Although you don't pay tax on the first £10,600 of income in a tax year (the "personal allowance"), this is spread out through the year. So typically if you earn say £1,500 in a month, you would get £10,600/12 = just under £900 tax-free, and pay tax on the remaining £600. The intention is to make sure you pay tax smoothly throughout the year.
Because the personal allowance is actually yearly rather than monthly, this does mean that if you start work in the middle of a tax year having previously not had a job, you will have some unused personal allowance from the previous months which you can use immediately.
If you told your employer that you didn't have any previous income for the tax year, then they should give you the benefit of that unused allowance immediately so you might get more income tax free for some months.
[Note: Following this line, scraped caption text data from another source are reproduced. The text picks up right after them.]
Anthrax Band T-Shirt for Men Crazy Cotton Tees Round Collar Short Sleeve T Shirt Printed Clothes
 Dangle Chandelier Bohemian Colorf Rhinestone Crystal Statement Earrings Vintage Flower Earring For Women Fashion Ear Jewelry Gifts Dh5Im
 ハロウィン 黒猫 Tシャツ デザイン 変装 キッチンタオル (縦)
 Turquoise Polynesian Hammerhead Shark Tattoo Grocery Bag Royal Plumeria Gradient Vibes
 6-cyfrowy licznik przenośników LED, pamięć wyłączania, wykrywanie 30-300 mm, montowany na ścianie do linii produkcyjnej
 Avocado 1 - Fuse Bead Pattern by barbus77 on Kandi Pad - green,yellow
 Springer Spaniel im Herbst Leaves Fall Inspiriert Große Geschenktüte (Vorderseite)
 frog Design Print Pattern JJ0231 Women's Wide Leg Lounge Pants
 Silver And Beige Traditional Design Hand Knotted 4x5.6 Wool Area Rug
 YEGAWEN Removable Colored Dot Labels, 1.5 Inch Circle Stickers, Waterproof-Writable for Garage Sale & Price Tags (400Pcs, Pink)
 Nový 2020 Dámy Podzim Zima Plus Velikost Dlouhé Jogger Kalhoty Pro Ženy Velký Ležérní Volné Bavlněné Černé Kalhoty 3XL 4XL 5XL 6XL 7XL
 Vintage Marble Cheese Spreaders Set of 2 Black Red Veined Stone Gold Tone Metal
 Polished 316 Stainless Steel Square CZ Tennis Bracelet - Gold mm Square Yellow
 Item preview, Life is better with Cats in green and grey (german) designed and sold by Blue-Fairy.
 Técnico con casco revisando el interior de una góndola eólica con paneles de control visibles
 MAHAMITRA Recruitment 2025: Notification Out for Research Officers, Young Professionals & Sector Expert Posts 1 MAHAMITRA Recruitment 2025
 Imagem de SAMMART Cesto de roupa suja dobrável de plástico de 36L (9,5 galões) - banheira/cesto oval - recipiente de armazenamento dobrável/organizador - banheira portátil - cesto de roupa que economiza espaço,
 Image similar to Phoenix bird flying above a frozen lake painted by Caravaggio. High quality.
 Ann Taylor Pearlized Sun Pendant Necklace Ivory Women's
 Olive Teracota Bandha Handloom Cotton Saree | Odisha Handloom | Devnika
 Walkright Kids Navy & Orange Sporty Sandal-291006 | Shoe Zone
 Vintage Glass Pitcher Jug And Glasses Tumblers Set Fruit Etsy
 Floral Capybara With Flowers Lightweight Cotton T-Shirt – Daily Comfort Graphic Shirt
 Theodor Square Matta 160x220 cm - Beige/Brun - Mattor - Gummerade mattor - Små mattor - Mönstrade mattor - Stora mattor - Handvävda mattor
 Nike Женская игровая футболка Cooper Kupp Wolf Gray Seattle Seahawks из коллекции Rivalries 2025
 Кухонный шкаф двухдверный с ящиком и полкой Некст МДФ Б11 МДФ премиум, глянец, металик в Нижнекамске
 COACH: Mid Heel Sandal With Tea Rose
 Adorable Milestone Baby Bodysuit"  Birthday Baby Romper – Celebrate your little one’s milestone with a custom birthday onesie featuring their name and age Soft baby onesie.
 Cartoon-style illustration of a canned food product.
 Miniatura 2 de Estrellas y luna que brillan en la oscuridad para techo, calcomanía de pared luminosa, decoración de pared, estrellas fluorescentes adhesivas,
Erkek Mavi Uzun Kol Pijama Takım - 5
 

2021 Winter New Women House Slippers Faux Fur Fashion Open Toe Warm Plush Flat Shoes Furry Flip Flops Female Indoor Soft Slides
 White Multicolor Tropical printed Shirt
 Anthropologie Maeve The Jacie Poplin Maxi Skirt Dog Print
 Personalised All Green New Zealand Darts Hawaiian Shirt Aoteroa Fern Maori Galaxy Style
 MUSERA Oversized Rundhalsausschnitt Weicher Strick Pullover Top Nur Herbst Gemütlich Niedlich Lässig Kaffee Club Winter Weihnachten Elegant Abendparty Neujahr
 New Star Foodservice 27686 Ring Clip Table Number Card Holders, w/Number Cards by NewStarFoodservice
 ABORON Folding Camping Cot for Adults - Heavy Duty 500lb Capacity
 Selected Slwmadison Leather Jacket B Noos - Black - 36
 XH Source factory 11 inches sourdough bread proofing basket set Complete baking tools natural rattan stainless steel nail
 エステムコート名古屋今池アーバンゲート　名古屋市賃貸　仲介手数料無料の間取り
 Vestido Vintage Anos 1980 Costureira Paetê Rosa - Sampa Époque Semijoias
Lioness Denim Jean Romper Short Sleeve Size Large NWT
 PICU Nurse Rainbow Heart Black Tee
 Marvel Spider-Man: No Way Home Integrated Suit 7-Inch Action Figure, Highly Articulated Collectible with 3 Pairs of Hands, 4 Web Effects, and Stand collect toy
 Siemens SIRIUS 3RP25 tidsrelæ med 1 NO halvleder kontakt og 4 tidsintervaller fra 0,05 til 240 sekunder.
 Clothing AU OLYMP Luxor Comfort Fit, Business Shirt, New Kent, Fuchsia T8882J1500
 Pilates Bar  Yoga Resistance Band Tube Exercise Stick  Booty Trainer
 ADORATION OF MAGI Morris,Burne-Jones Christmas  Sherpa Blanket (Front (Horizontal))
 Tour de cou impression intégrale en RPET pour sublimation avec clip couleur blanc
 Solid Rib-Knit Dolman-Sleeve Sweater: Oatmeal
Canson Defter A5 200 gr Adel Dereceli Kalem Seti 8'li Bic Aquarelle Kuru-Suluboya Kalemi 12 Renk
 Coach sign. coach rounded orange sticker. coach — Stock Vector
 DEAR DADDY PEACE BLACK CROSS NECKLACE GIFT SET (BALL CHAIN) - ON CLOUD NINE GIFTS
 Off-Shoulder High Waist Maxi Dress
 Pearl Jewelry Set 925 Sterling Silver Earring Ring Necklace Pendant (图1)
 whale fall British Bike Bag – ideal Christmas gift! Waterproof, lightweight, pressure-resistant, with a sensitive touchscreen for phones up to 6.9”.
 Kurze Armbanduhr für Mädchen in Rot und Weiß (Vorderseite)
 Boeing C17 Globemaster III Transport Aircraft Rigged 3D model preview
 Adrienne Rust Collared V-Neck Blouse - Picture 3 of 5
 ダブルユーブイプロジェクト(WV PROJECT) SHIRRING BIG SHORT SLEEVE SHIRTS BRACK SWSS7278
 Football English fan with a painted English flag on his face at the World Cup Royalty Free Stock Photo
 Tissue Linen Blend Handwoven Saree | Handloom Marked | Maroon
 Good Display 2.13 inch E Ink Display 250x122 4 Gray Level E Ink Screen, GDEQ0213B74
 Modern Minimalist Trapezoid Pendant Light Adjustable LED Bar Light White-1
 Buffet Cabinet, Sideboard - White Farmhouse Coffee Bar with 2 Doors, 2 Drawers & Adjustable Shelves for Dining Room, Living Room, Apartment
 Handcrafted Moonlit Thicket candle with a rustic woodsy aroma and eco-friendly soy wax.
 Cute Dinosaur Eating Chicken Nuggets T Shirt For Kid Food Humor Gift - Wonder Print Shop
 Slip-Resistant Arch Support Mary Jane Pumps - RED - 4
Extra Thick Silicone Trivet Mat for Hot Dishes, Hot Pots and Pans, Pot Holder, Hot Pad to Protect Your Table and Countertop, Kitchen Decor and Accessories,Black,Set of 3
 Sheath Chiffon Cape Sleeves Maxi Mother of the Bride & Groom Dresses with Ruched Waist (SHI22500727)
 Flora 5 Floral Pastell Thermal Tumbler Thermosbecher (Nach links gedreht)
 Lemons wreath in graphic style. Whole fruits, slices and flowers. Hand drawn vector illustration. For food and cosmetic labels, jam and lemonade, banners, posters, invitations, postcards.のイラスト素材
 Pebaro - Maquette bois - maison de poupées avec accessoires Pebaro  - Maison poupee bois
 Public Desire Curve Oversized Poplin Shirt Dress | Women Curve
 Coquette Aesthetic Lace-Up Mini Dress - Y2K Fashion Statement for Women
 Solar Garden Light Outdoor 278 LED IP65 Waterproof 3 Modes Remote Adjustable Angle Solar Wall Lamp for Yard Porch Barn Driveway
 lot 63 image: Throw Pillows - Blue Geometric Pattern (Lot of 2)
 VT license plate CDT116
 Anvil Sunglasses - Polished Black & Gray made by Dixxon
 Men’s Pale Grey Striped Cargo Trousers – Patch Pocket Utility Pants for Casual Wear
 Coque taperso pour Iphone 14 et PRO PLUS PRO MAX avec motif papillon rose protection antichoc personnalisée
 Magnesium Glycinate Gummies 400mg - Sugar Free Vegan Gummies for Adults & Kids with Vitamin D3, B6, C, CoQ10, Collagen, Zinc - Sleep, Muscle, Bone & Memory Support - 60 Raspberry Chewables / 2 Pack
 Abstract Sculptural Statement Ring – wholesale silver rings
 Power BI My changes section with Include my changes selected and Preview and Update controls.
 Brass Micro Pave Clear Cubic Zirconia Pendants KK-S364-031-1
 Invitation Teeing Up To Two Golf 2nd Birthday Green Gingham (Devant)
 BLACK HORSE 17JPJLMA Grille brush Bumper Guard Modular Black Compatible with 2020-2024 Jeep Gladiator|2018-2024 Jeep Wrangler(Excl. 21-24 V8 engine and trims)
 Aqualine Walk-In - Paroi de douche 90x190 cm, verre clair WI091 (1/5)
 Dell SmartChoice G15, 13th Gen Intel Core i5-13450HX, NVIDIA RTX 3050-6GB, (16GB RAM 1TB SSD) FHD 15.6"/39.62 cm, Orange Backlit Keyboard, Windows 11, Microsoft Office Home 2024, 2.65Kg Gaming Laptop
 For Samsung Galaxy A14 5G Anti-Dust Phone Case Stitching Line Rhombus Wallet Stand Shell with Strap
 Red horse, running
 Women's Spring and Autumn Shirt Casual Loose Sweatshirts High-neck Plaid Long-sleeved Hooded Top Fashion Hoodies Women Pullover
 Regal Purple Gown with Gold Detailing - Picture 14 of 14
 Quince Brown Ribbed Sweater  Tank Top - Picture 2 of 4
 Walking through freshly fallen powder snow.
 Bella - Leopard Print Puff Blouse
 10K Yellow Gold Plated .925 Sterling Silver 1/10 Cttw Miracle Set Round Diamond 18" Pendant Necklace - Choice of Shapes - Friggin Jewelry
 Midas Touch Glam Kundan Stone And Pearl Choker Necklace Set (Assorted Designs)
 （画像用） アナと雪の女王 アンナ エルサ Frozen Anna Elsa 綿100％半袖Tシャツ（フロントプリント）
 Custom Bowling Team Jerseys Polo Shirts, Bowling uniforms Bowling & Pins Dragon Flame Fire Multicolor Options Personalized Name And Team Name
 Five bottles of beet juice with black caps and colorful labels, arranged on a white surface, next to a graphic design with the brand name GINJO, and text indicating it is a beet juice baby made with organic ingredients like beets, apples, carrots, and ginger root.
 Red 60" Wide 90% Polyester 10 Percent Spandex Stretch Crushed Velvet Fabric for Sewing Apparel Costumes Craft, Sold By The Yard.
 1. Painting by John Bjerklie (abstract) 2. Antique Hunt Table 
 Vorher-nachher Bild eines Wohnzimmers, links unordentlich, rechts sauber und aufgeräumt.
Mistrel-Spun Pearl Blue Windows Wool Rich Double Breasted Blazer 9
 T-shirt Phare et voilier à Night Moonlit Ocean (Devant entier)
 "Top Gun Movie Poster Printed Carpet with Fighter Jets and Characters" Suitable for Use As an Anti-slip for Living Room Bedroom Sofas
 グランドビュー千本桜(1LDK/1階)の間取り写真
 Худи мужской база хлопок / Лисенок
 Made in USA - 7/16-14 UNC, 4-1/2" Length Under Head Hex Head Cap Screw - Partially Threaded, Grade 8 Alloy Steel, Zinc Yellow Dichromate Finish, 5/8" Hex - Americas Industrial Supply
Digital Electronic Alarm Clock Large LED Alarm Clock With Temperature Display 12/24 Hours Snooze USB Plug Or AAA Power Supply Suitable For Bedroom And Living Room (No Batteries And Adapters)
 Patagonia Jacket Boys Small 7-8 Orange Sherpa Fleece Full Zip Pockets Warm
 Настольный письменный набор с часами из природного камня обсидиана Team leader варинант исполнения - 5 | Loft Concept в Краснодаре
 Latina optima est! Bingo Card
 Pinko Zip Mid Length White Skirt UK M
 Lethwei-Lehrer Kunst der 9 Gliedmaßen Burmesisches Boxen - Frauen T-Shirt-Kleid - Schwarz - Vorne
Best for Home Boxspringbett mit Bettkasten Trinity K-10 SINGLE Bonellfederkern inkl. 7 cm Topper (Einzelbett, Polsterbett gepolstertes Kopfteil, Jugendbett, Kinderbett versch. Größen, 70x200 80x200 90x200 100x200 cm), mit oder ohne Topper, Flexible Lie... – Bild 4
The form they should have asked you to fill in is linked here (it was previously called a "P46" but apparently this has been abolished now): https://www.gov.uk/government/publications/paye-starter-checklist
For example if you started 3 months into the tax year, then you have a quarter of the allowance unused - £2,650. So with a gross monthly income of £1,500, you would get about 4 months pay tax-free until the excess allowance ran out (each month you get about £900 tax-free anyway, and the excess allowance gets used up at about £600/month).
Tax years run from April 6th to April 5th the next year, and if you are paid monthly then typically all your April pay ends up in the new tax year as you get it at the end of April.
So if you started work soon after the the start of the tax year - e.g. in early April - then you'll find that you don't get any benefit from this effect and you'll start paying full tax immediately. Conversely, someone who started work in January earning £1,500 a month wouldn't pay any tax at all until the new tax year in April.
(The personal allowance was £10,600 from April 2015 to April 2016, and is now £11,000 from April 2016 to April 2017.)